SpandrelA framework that turns markdown file trees into governed knowledge graphs — philosophy, spec, and reference implementation

Onboarding

Agent-guided graph setup — five paths matched to user starting materials, templates for common scenarios, and guardrails for execution traps. Onboarding lives in the graph itself so agents consume it via MCP during the session that builds the graph.

Onboarding

Building a Spandrel graph is itself a knowledge-authoring exercise — you're creating the structured substrate a Claude Code agent will navigate to make better decisions, produce more consistent work, and cite validated knowledge. This subgraph is the content the repo's ONBOARDING.md script walks through: paths matched to different starting materials, templates for common shapes, concepts for repeat users, and guardrails for the traps that real sessions hit.

Traverse to see what the onboarding agent proposes:

  • Paths — five entry points matched to the user's starting material (empty, bulk, survey, existing, code)
  • Templates — pre-authored collection skeletons for common scenarios (saas-startup, consulting-agency, code-repo, personal-repo, product-strategy, plus tier-2 sketches)
  • Concepts — cheat sheet of Spandrel primitives for repeat users
  • Guardrails — execution traps that real sessions hit during fan-out
  • Hooks — opt-in mailing-list and feedback contracts

Why onboarding lives in the graph

Onboarding is knowledge about how to build graphs.
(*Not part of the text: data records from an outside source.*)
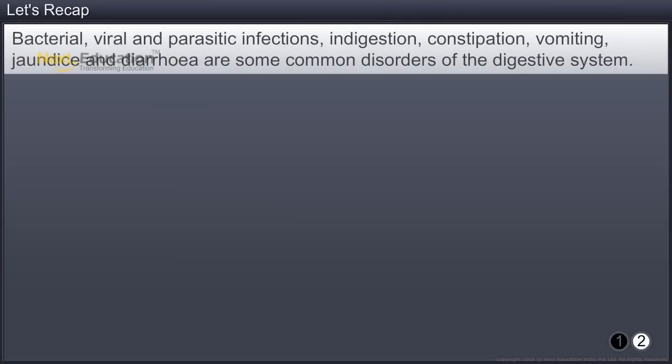Bacterial, viral and parasitic infections, indigestion, constipation, vomiting, jaundice and diarrhea are some common disorders of the digestive system.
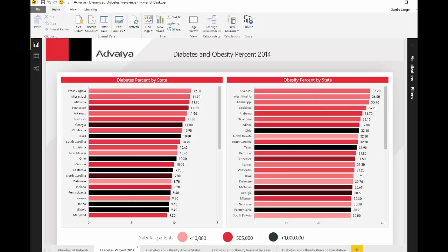It is easy to see in the obesity chart that the states shown in black color bars with more than a million diabetes patients are not necessarily the ones with the highest percentage of obesity.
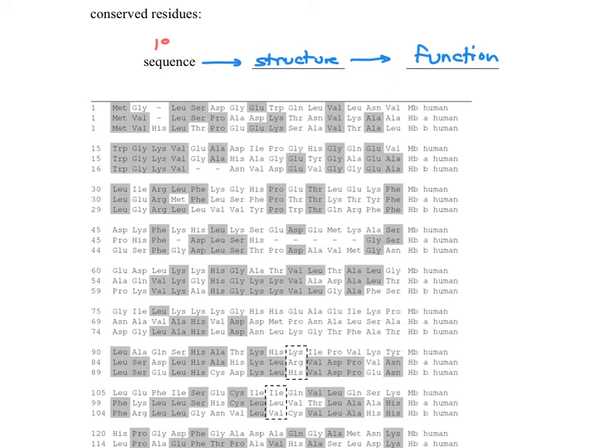That's a really important principle in biochemistry. Now, if you have similar functions and similar structures, that means the proteins must have similar sequences.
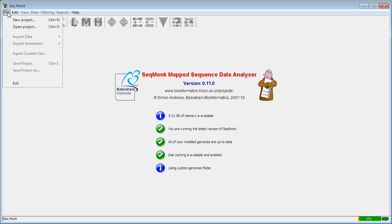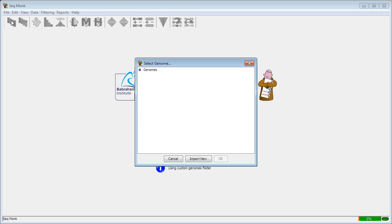We do this by selecting File, New Project. When we first do this, we see a list of the genomes we currently have installed on the system. This is a new installation, so we don't have any at the moment, so I'm going to fetch one from our servers. To do this, press Import New.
Keeping it inside the graph it describes means:

  • Agents consume it via MCP during a live session — same interface the graph itself uses
  • It's access-controlled, versioned, and linked into the rest of the documentation like any other subtree
  • Changes show up in the same review flow as changes to the framework's philosophy or content model — no parallel doc system

The ONBOARDING.md file at the repo root is the only piece that can't live in the graph, because it has to be readable before the graph compiles.